Brandie Jefferson September 05, 2012 at 07:39 PM
Yes, DJ, it was an "engineer in training" at the helm, according to a CSX spokesman.
dj September 05, 2012 at 08:09 PM
Is there a reason that was not reported in any articles I've seen thus far?
mk September 05, 2012 at 08:11 PM
That is correct there was a trainee operating the train, and there was an experienced engineer and one other crew member (I forget what type) onboard as well. That said, the operator doesn't appear to be a factor in the crash. The recorder shows they were traveling steady at the proper speed when the derailment occured. Other NTSB statements elsewhere indicate the recorder also shows operator did not apply the brakes, rather they triggered automatically (exact cause unknown, but either brake line damage or derailment will trigger them). In an interview, all 3 onboard staff claimed to have not noticed anything unusual prior to the derailment, and the train automatically stopped itself afterward. Since a train operator doesn't have any steering controls, just throttle/brake, those recorder records at least show he wasn't doing anything stupid (speeding, braking hard, etc) at the time of the crash. Could he have missed seeing some track damage that another engineer may have noticed? Maybe, but it probably would not have mattered if he had seen it. The safe stopping distance for a train is much further than the engineer can see small problems at (around 1/3 to 1/2 mile at these speeds, and over a mile at 55 mph. Trains are not like cars.).

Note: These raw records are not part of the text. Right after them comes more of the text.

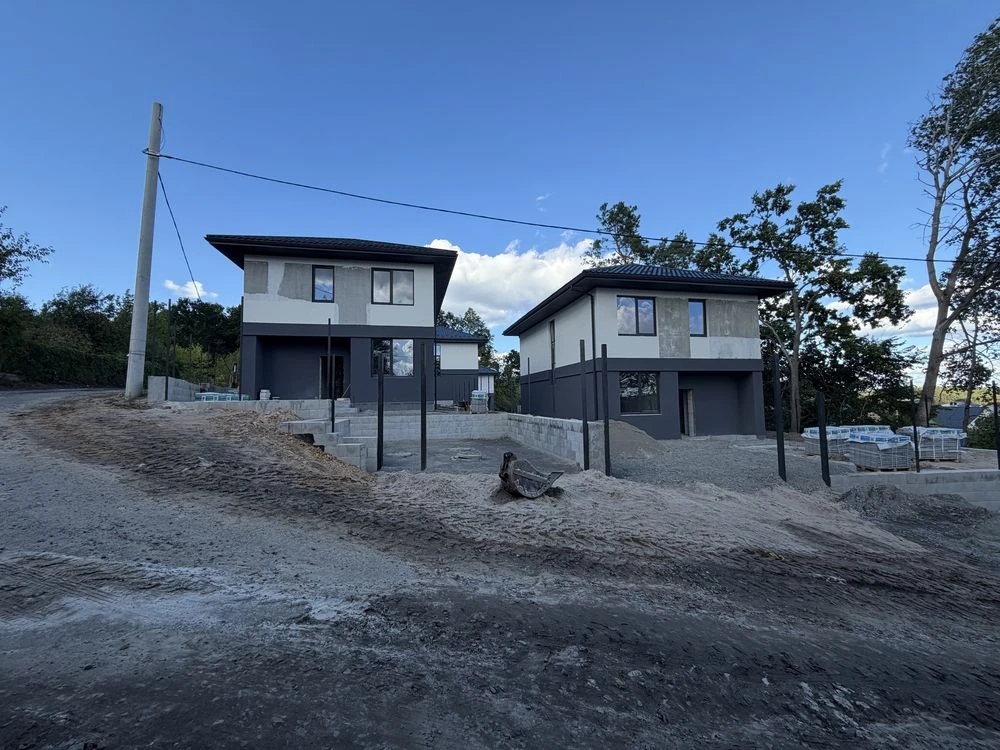 House 126 sq m + 4 acres, Irpin, Stoyanka2, 4 acres, GAS, in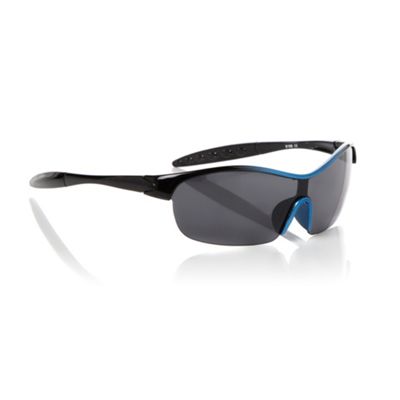 Boy's blue sporty sunglasses                                                                                                    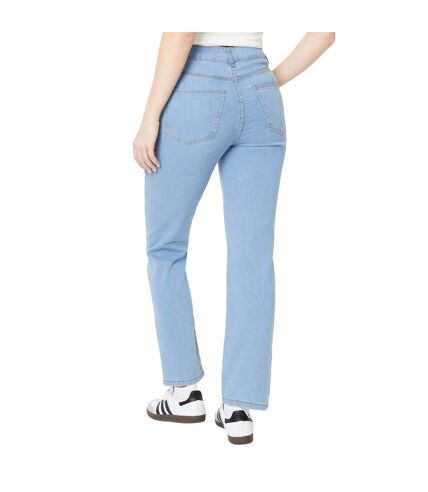 Jean femme bleu clair délavé Dorothy Perkins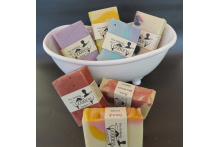 Handmade Goats Milk Soap Bundle The Bathing Goddess
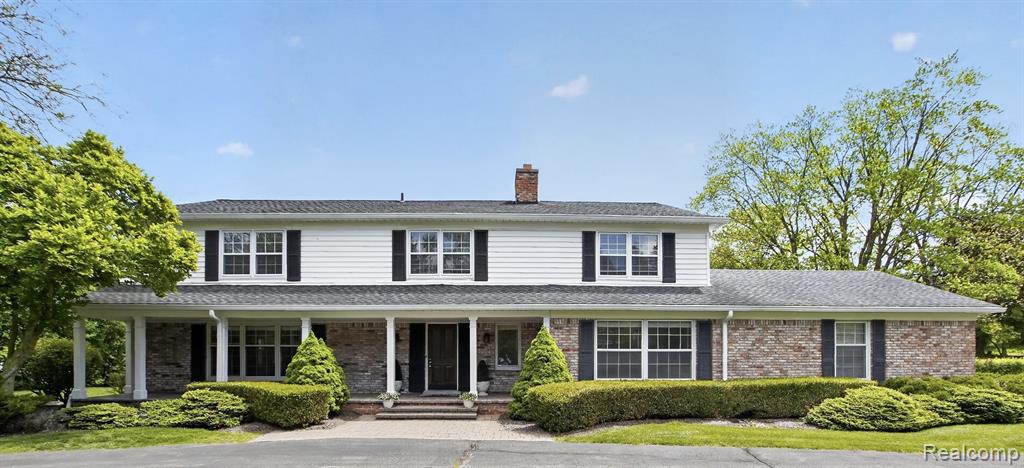 5447 Lahser Road — photo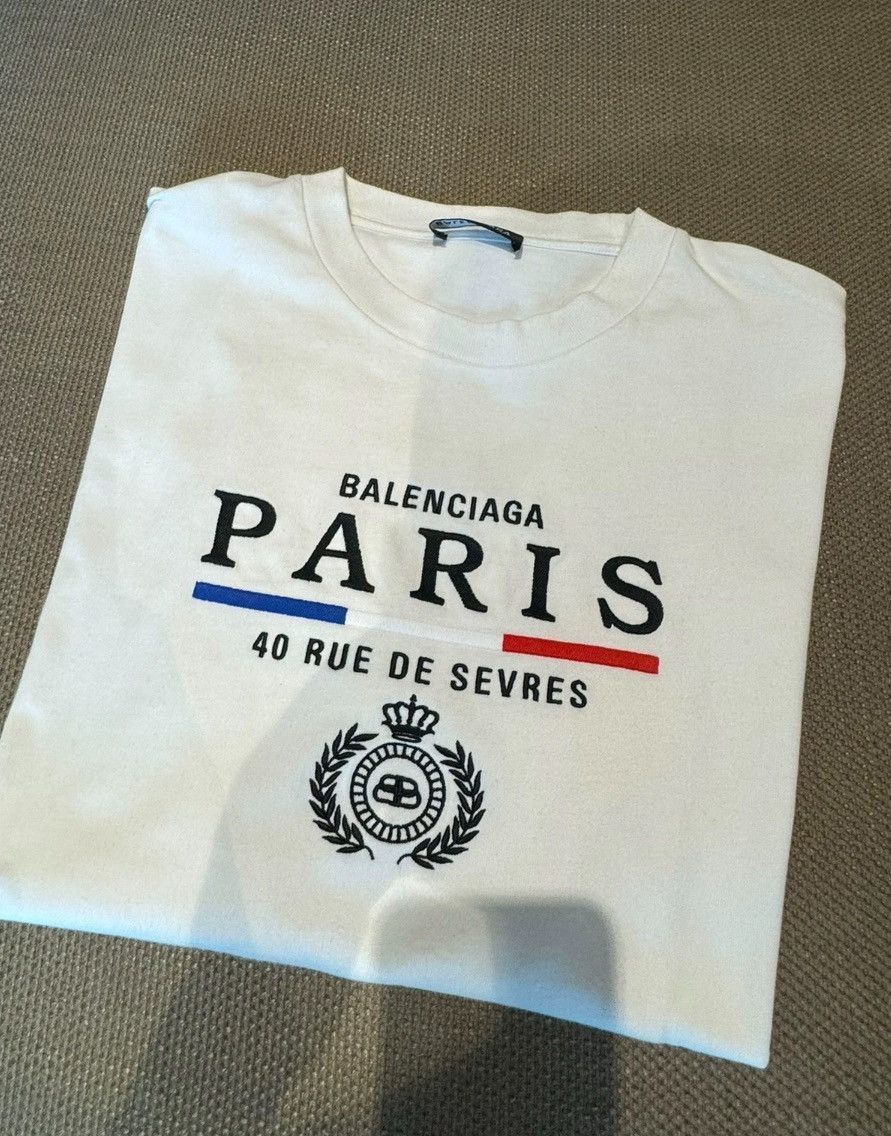 Balenciaga Balenciaga short sleeved shirt - DMC Size US M / EU 48-50 / 2 - 3 Thumbnail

Brandie Jefferson September 05, 2012 at 08:14 PM
It was in this article, dj: http://patch.com/A-xjY4
dj September 05, 2012 at 08:17 PM
Is there a reason this has not been reported previously?
dj September 05, 2012 at 08:20 PM
Sorry -- missed that previous report. Thank you.
Brandie Jefferson September 05, 2012 at 08:22 PM
No problem. There are a lot of details here. And many more to come, I'm sure.
mk September 05, 2012 at 08:23 PM
I don't know why you didn't know about that. Baltimore sun reported on it on August 22nd. Several other news outlets covered the same fact at around the same timeframe. http://articles.baltimoresun.com/2012-08-22/news/bs-md-ntsb-probe-20120822_1_train-derailment-air-brake-ntsb
BP September 06, 2012 at 01:33 AM
The NTSB has no ideal on real speed since killer railroads are allowed to take the recorder away to be tampered with B-4 the NTSB gets there. When is the media going to start the real questions like why the victims weren't swept off the bridge ledge like being hit with a tidal wave ---how the victims were found when nobody knew about them --- How they apparently had to drown in a few inches of coal ---How CSX justfies the CEOs $27 million a year salary????? Or does the public have to read the NTSB garbage that has been smeared in their faces for decades?
Toby September 06, 2012 at 04:01 PM
You just know those parents are going to file a wrongful death lawsuit. If they haven't already.
CN September 07, 2012 at 02:17 PM
They were tresspassing on private property. I don't see how the parents can win that case.